### The task
Write out again the lines from the line with "Three Short Novels: Rappawan, Tregaron" up to and including the line with "سیلاب در شهرستان", exactly as they stand below, and skip any picture.

### Dataset records
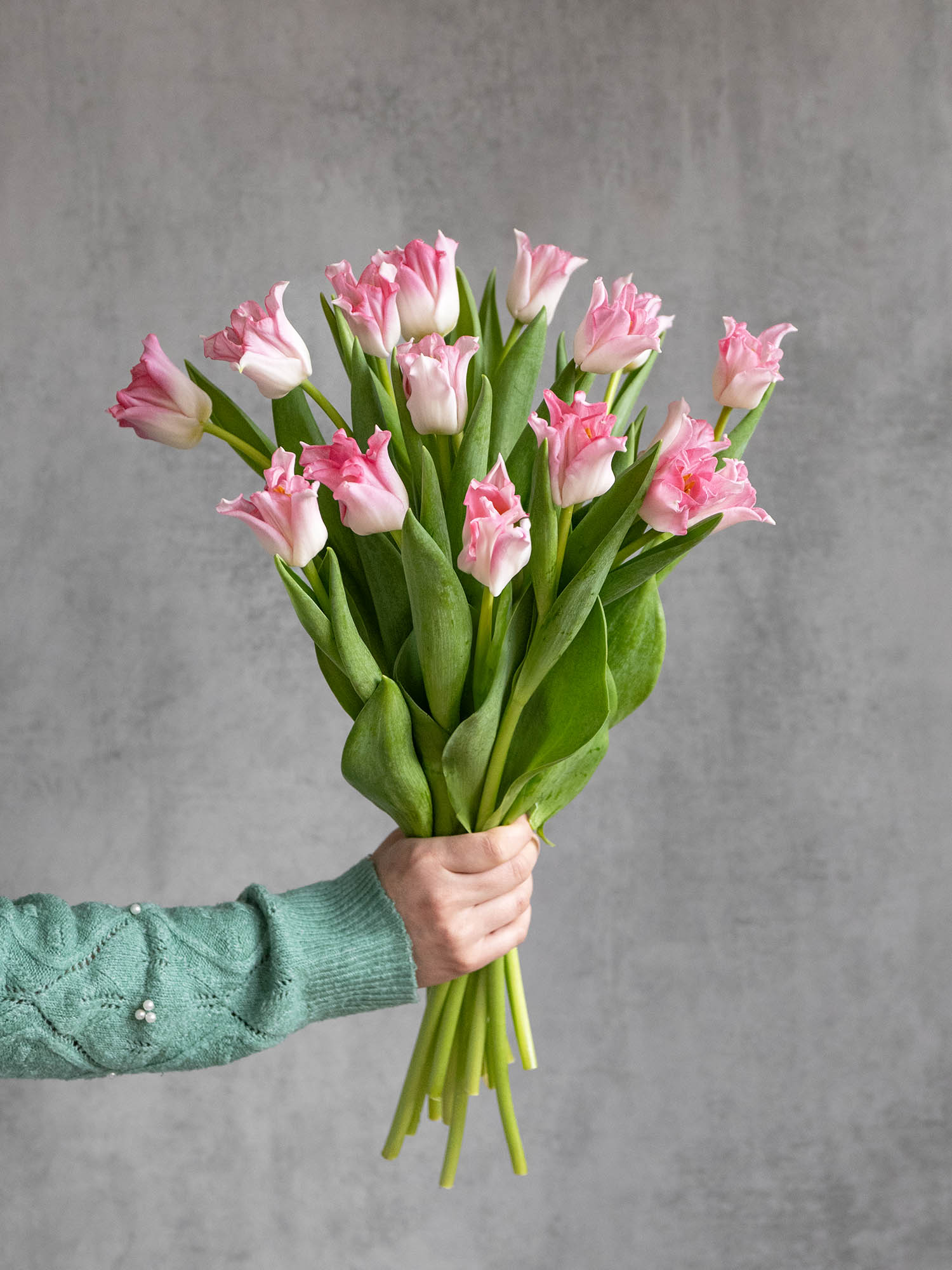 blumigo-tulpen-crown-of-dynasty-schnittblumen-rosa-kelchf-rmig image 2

==

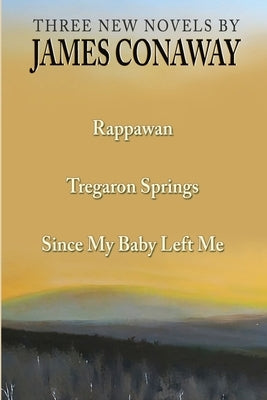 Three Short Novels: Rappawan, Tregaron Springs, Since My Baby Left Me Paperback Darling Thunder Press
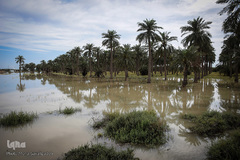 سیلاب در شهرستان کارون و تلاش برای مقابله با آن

### Reply to the exercise
 Three Short Novels: Rappawan, Tregaron Springs, Since My Baby Left Me Paperback Darling Thunder Press
 سیلاب در شهرستان کارون و تلاش برای مقابله با آن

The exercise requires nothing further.